Access to some of the best options is found at the Carver’s Gap parking area. Nordic skiers typically head south, using a gently sloping forest service road to climb Roan Mountain proper. The route is gated to protect the snow for cross-country touring.
A number of trails spur off the road—including a stretch of Appalachian Trail that brings a wild, switchback descent to the parking lot. Follow the road to the top and the Rhododendron Gardens trail, which leads to an observation deck and dazzling views.
Moses Cone Memorial Park, N.C.
This cross-country haven is located on the Blue Ridge Parkway, less than 10 miles south of Boone at mile marker 294. In-the-know skiers call the 3,500-acre park one of the Blue Ridge’s best—and most accessible—destinations for cross.
The park holds what was once the summer estate of a textiles baron; its manor dates to 1901. Twenty-five miles of idyllic old carriage trails have been retooled to help adventure-loving visitors take advantage of more than 100 inches of annual snowfall.
The wide, gently sloping routes are perfect for beginners and families. Visitors can ski around a lake, trek through dense forests, climb to the summit of Rich Mountain, and catch views from the Flat Top fire tower.
Canaan Valley Resort State Park, W.Va.
This one is a family-friendly twofer: The 6,015-acre state park combines awesome backcountry adventures and a lift-served ski area with 47 trails, 4,300-foot summits, and 850 feet of vertical drop. Better still, average snowfalls of around 160 inches bring loads of fresh powder.

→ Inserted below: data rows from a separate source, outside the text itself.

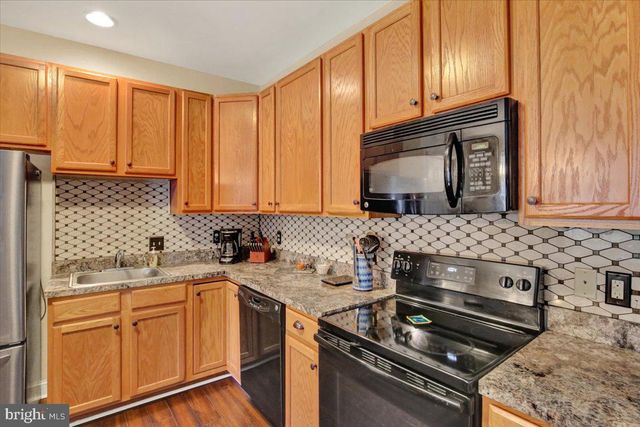 5 EMILY CT, Reading, PA 19606
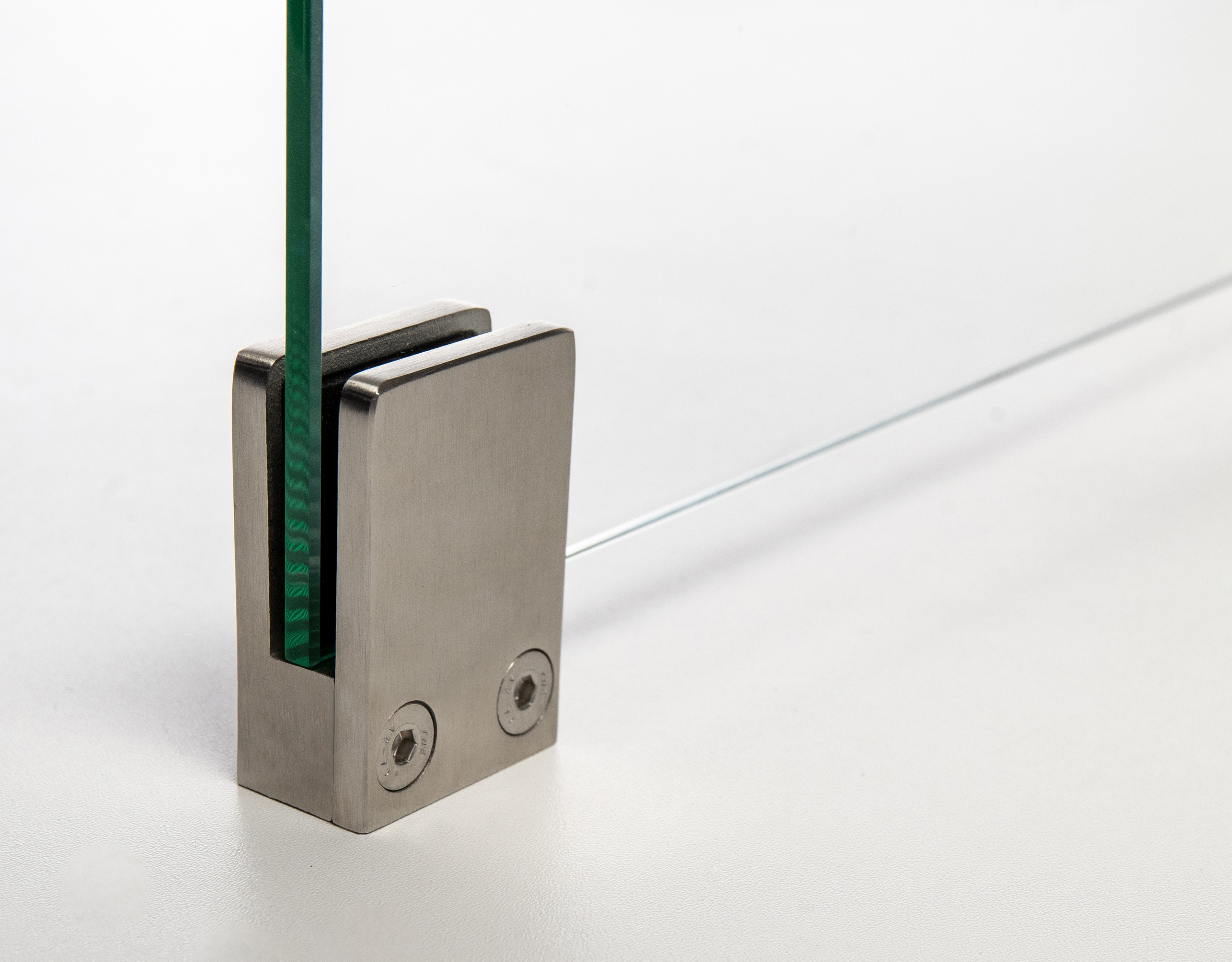 Vorschaubild Galerie T&J HYGIENE SCHUTZGLAS Glasklemme für ESG 6 mm EDELSTAHL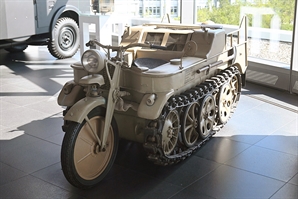 [리뷰] 나치 독일에 기동력을 더한 반궤도 차량 - NSU 케텐크라트 HK101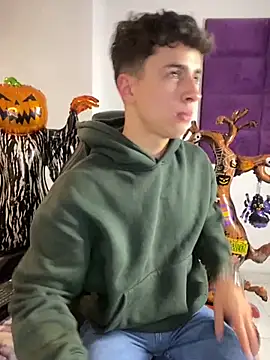 AdrianRinaldi online show from November 1, 8:11 pm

Canaan Valley is crisscrossed by 21 miles of marked, ungroomed trails for cross-country skiing. However, the area’s crown jewel can be found on the Allegheny Trail. The five-mile section connecting Canaan Valley to Blackwater Falls State Park via the Monongahela National Forest backcountry is legendary. Blackwater, in turn, boasts another 10 miles of purpose-built XC.